Durou pouco mais de três meses o trabalho de Alexandre Bourgeois como uma espécie de CEO do São Paulo. A saída do executivo sem ter tido tempo para apresentar minimamente qualquer resultado é só mais uma queda de um CEO no mercado do futebol. E deverá ser a realidade para qualquer novo executivo que queira se aventurar no cargo.

O problema não é do futebol em si, mas da cultura de empresa familiar que impera na maioria dos negócios no país.

O futebol, assim como a maioria das empresas, tem uma estrutura de gestão completamente centralizadora e cujas tomadas de decisão são feitas por um núcleo muito pequeno de gente, geralmente de confiança de quem está “no comando”.
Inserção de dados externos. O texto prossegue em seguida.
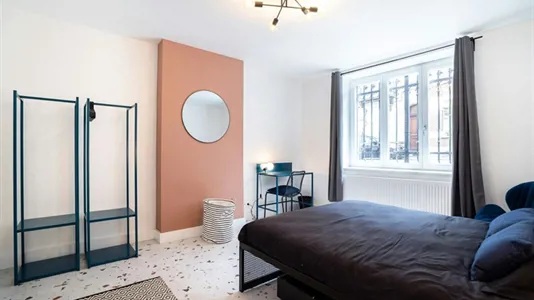 Rooms in Brussels Etterbeek - photo 1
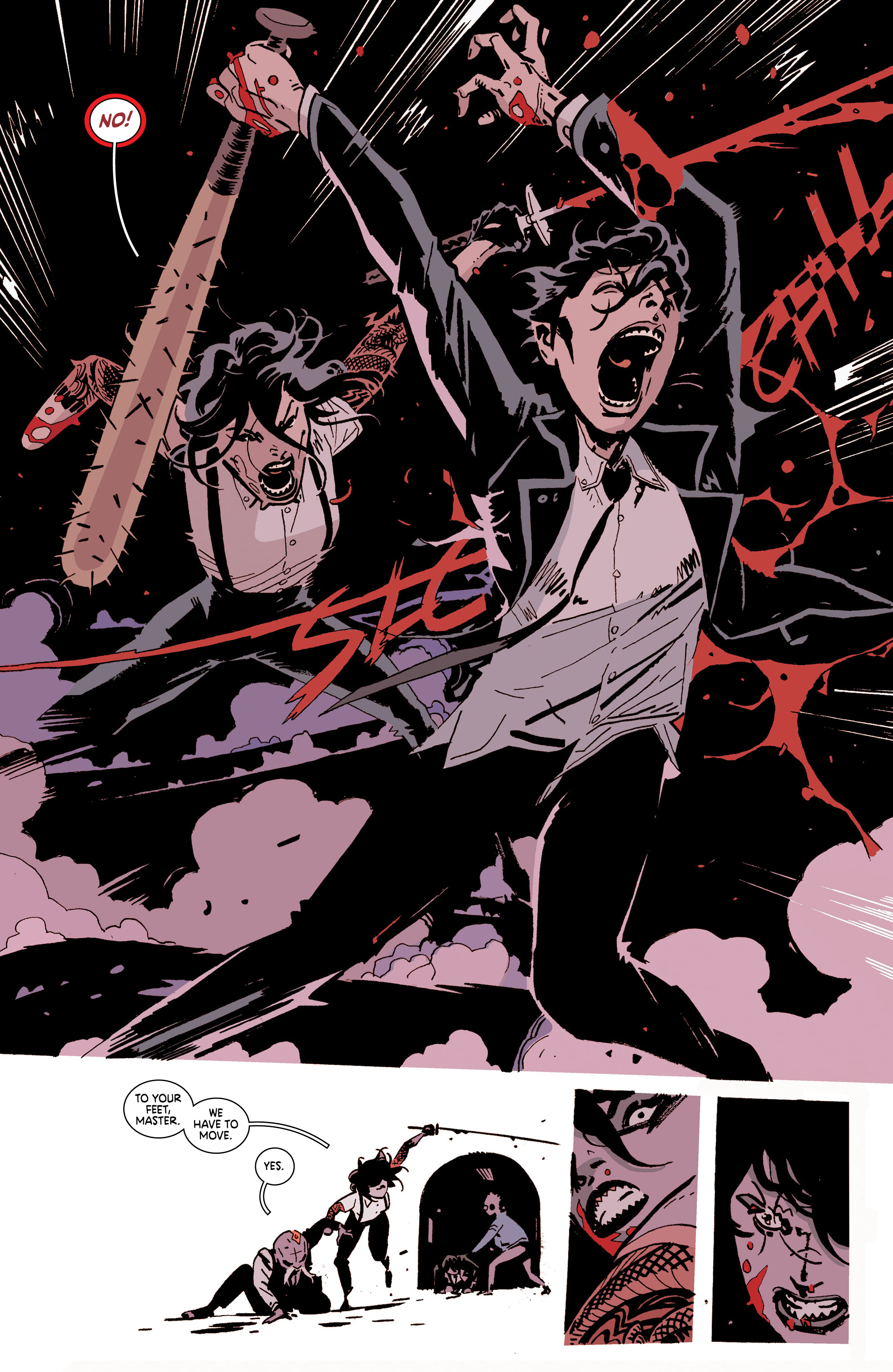 Deadly Class (2014-): Chapter 48 - Page 15
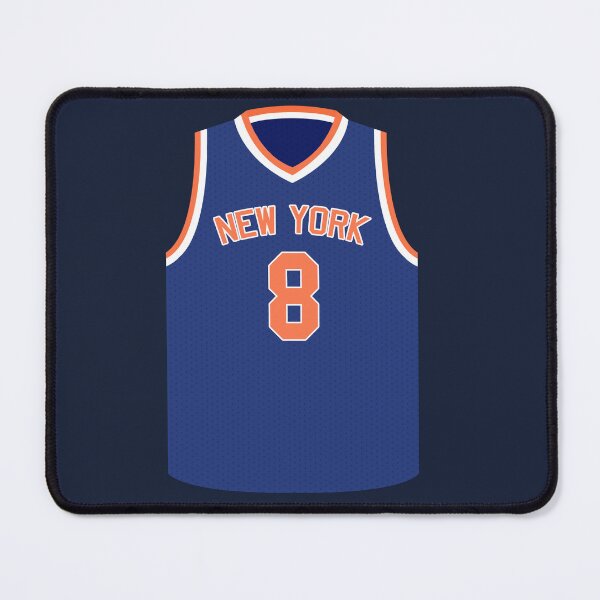 Item preview, NEW YORK KNICKS 8 designed and sold by stevegraphix.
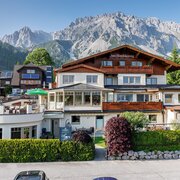 Das Hochkonig Aussenaufnahmen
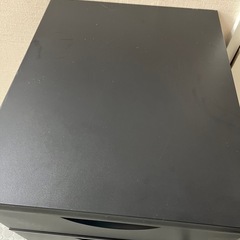 「IKEA エリック」引き出しユニット2点セットです！の画像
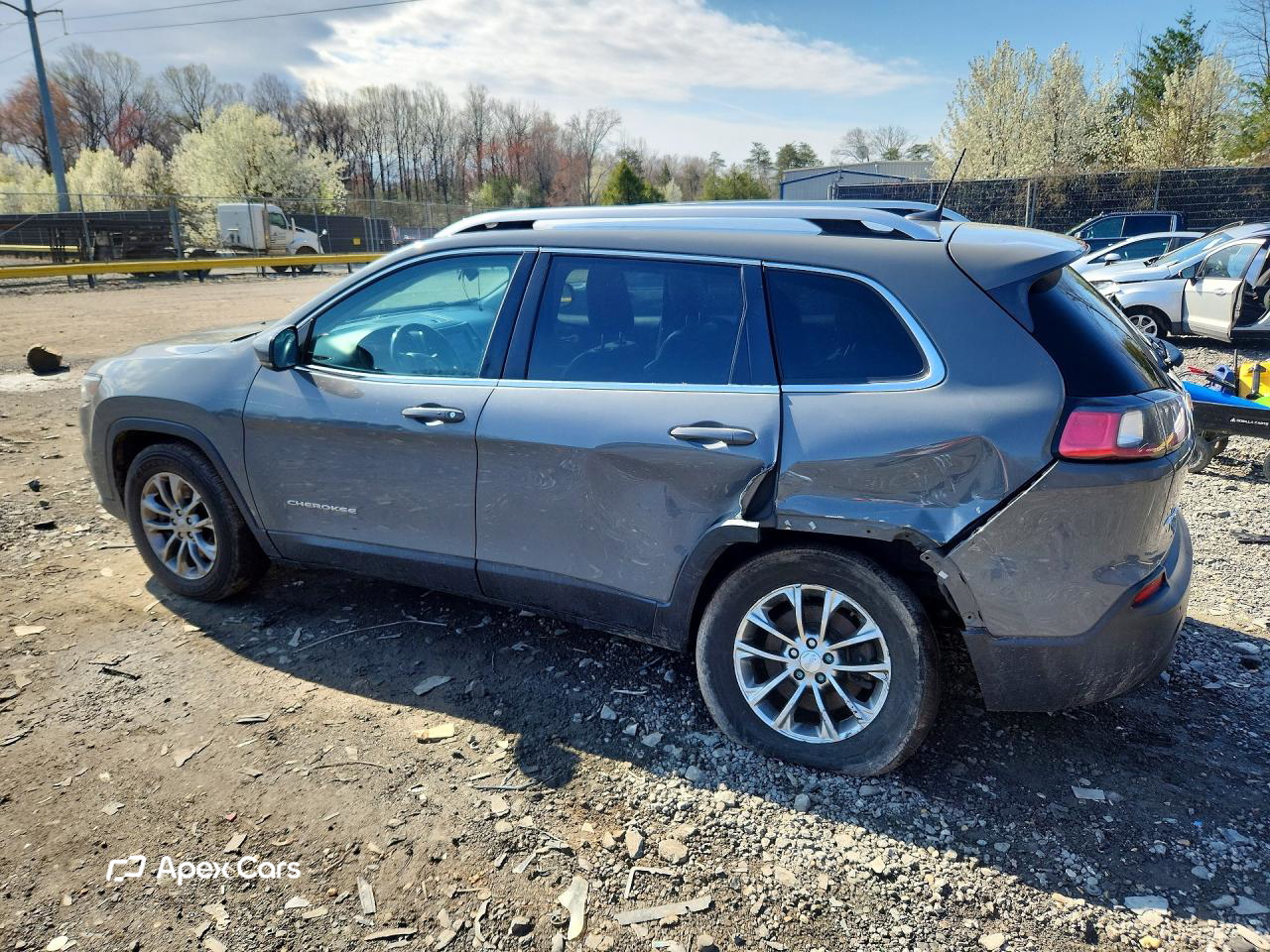 Jeep Cherokee 2019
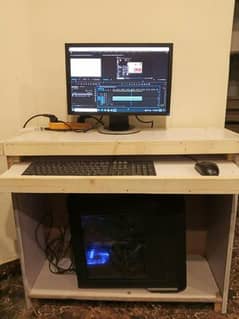 Gaming PC / Editing PC in cheap price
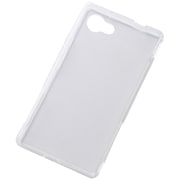 RT-AQH2TC4/CM [AQUOS Compact SH-02H/Disney Mobile DM-01H/AQUOS Xx2 mini用 ウルトラクリアラメソフトケース クリア]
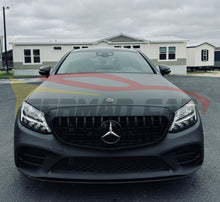 Load image into Gallery viewer, 2019-2023 Mercedes-Benz C-Class Gtr Style Front Grille | W205 Grilles
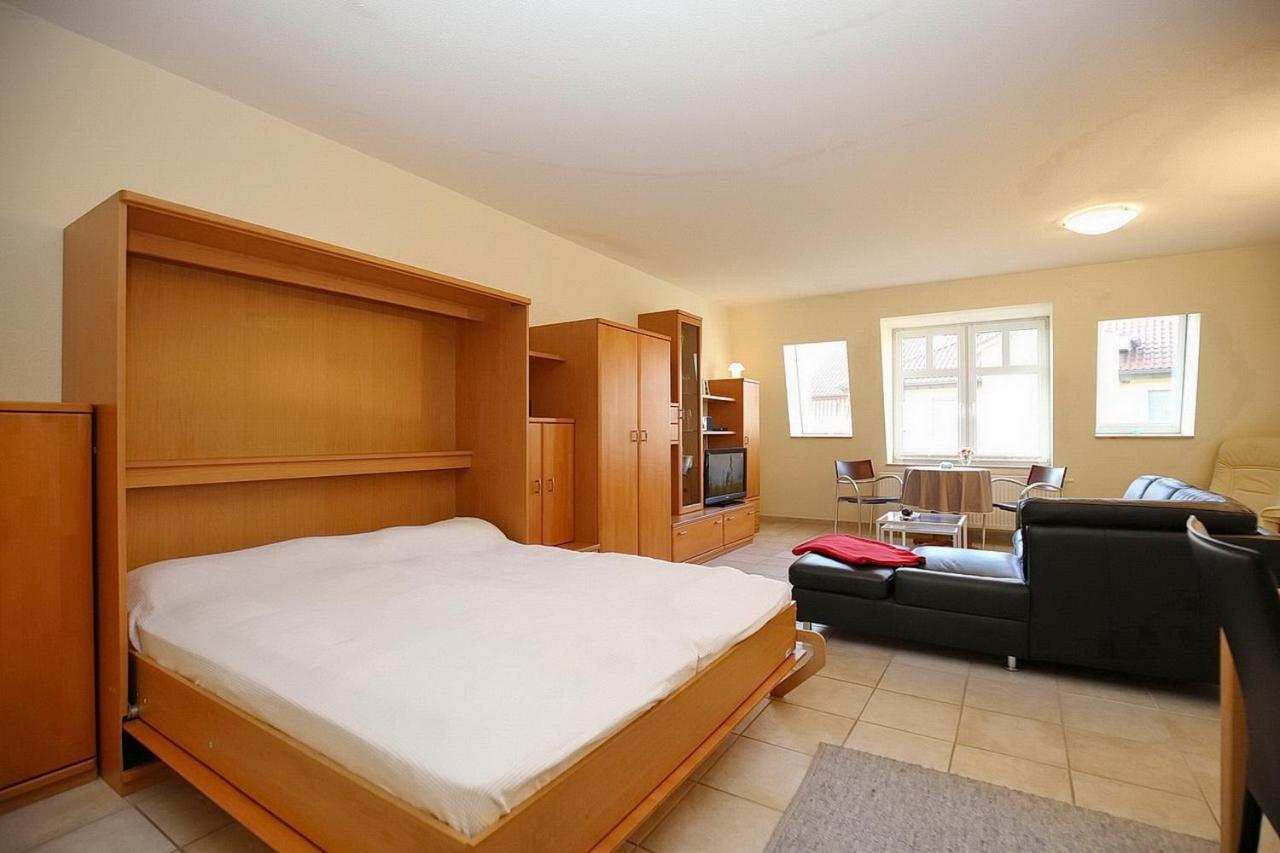 Minervapark Wohnung 25 บอลเทินฮาเกิน ภายนอก รูปภาพ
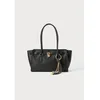 Image de Michael Kors Sac Bandoulière Hamilton Moderne Noir Black (001)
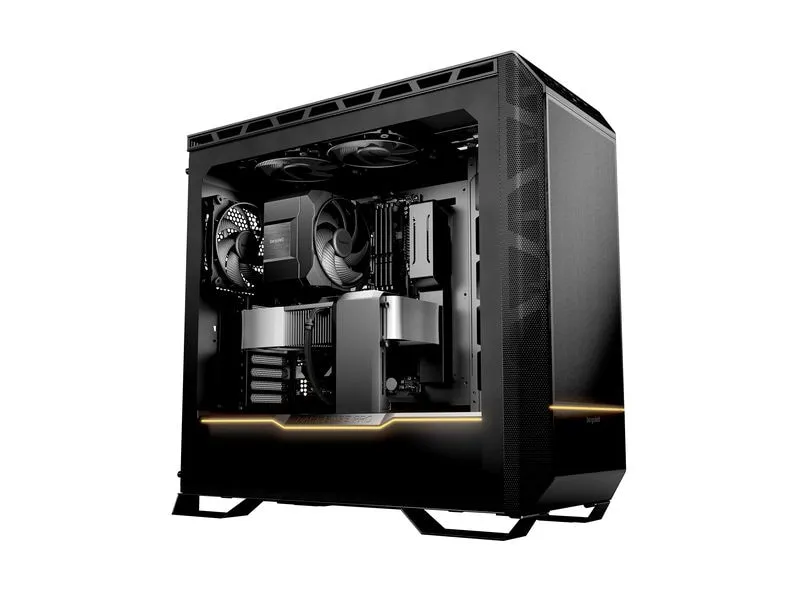 be quiet! CPU-Kühler Dark Rock 6 13.5 cm Schwarz be quiet! CPU-Kühler Dark Rock 6 13.5 cm Schwarz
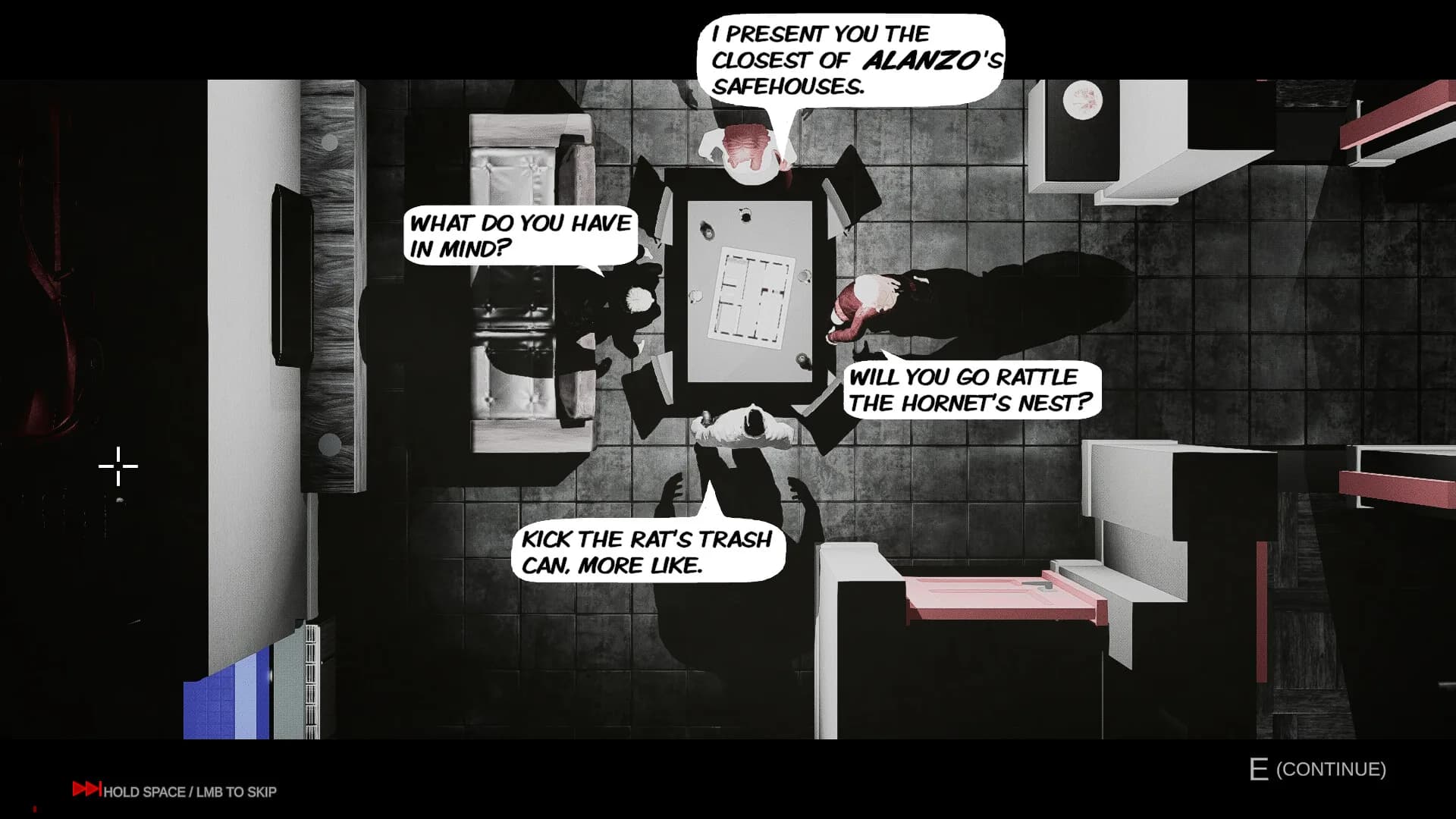 Bullet Noir görsel 11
Esse cenário é tão enraizado na cultura brasileira que é só acompanhar um pouco o noticiário de economia e negócios para perceber como o tema de “governança corporativa” é recorrente. As empresas procuram profissionalizar a gestão, trazem isso no discurso mas, na prática, a teoria é outra.

São poucas as corporações com faturamento similar ao dos clubes de futebol que possuem, em sua gestão, um corpo técnico altamente profissionalizado e não tenha ainda as principais decisões sendo tomadas com base no “feeling” do dono ou da família controladora da empresa.

Se já é difícil ver algo assim no mundo dos negócios, o que dizer de um ambiente ditado pela paixão e pela política?

A gestão no esporte tem quase todas as nuances da gestão pública. A sustentação do modelo não está no negócio, mas na política. Um presidente não é eleito e reeleito apenas pelos bons resultados apresentados. Sendo assim, colocar a figura de um CEO no esporte e esperar que, como mágica, tudo se torne profissional é tão difícil quanto imaginar que a solução para os problemas em qualquer governo seria colocar um executivo de mercado abaixo do presidente, governador ou prefeito e, com um excelente trabalho de gestão, tudo estaria resolvido.

No esporte, o maior erro que os dirigentes cometem, ajudados pela falta de conhecimento da mídia, é acreditar que, ao se colocar um CEO, os problemas de gestão serão rapidamente solucionados e, de uma hora para outra, o clube passará a obter desempenho esportivo e resultado financeiro.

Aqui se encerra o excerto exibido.